First, we perform a stability analysis to study how the CCor of a given gene pair changes when using different sets of variables. This is of interest as the set of genes may vary depending on the platforms for microarray analysis. We first generate a data set with p genes and n samples and then we fix a pair of genes and randomly delete 50 genes from the rest of genes in the data set and recalculate the CCor. We repeat this procedure 100 times and calculate the mean and standard deviation of the estimated CCors and compare them to the CCor using all the genes. We consider two different settings in our simulations: 1) two-module case; 2) five-module case and both with correlation structures as shown in (2). For each simulation setting, the representing CCors and corresponding concentrating values of all the within and between-module pairs are calculated as that in the example shown in Section 3. Results are shown in the Supplementary Materials. It can be seen that in all the settings, the estimation of CCor is stable and close to the one calculated using all the genes with little variations across 100 replicates.
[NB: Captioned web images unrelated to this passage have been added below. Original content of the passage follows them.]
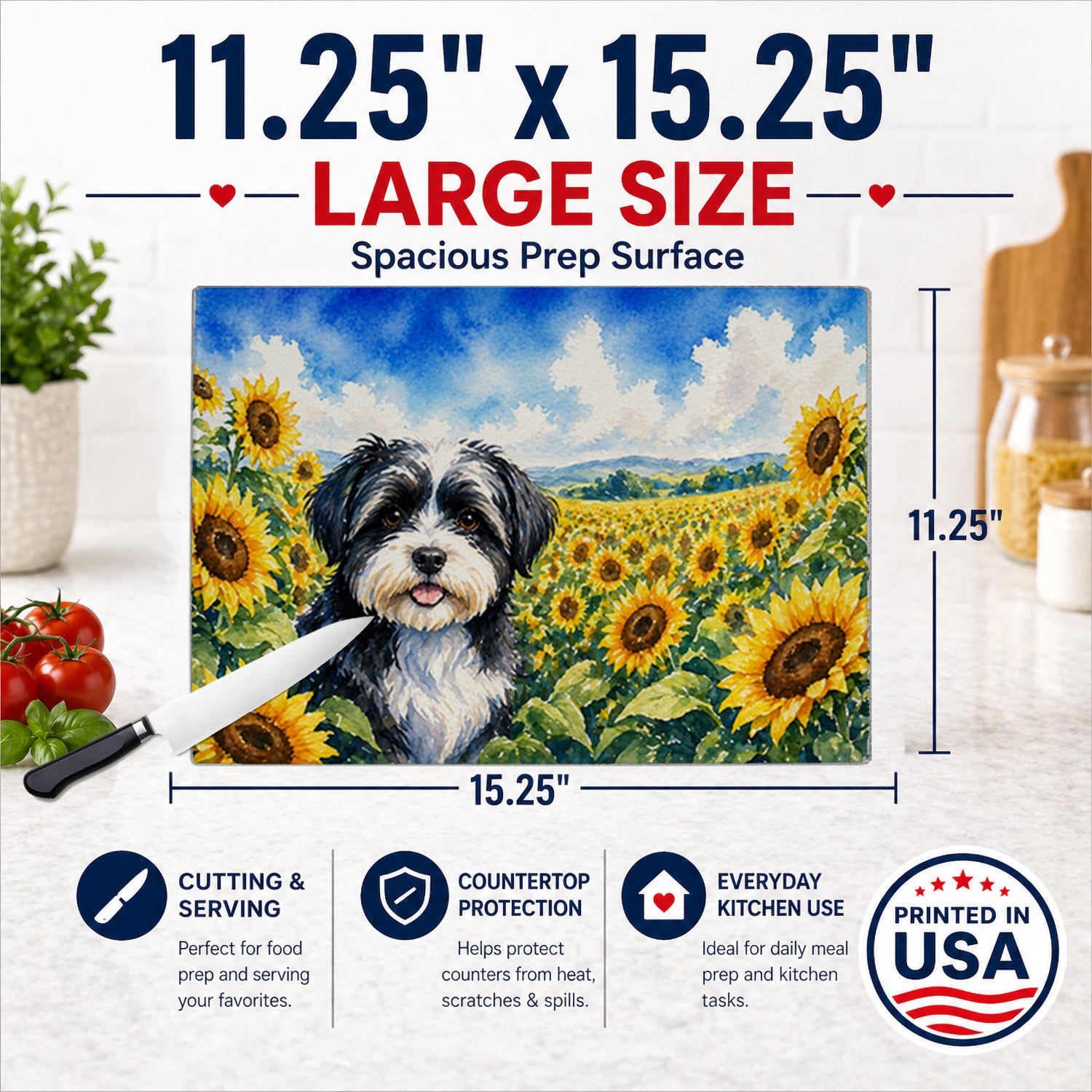 Havanese in Sunflowers Cutting Board Tempered Glass Kitchen Cutting Surface, Heat Resistant Chopping Board with Non-Slip Feet, Decorative Food Prep & Serving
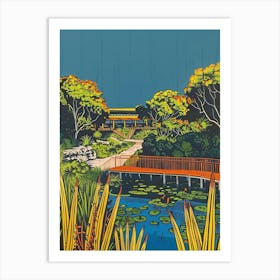 Nature Science Center Austin Texas Colourful Blockprint 1 Art Print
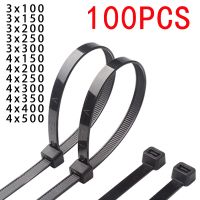 100PCS Self-Locking Plastic Nylon Cable Tie White 3mm 4mmx200mm Industrial Binding Fastening Winding Zipper Wire Tie Kit Black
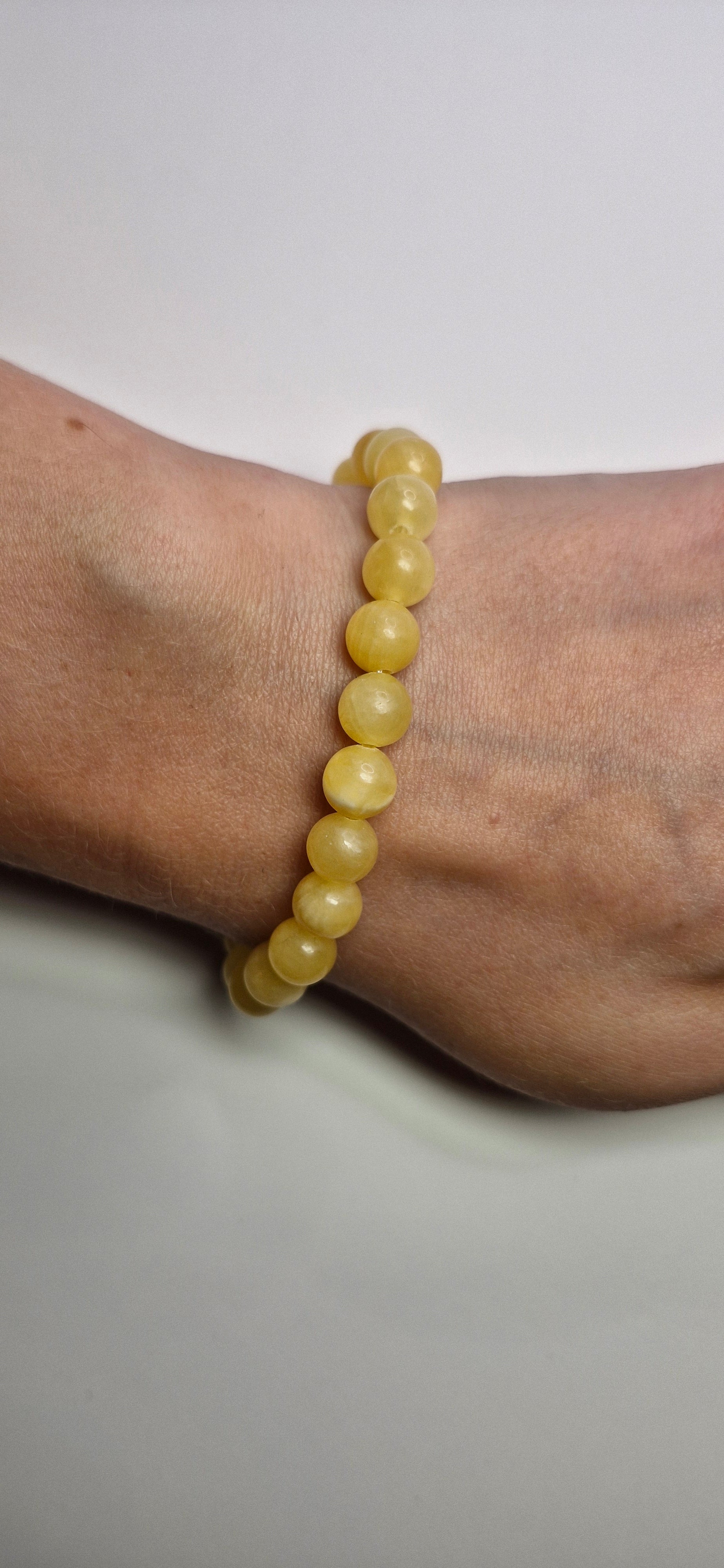 Bransoletka z Kamieni Naturalnych "Słoneczna" — żółte koraliki solo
We note that the concentration inequality (5) always holds irrespective of the particular subset of genes used. However, the concentrating values do depend on the correlation structure of the subset genes. The results show that there is little difference in the concentrating values based on all the genes and those based on a subset of genes.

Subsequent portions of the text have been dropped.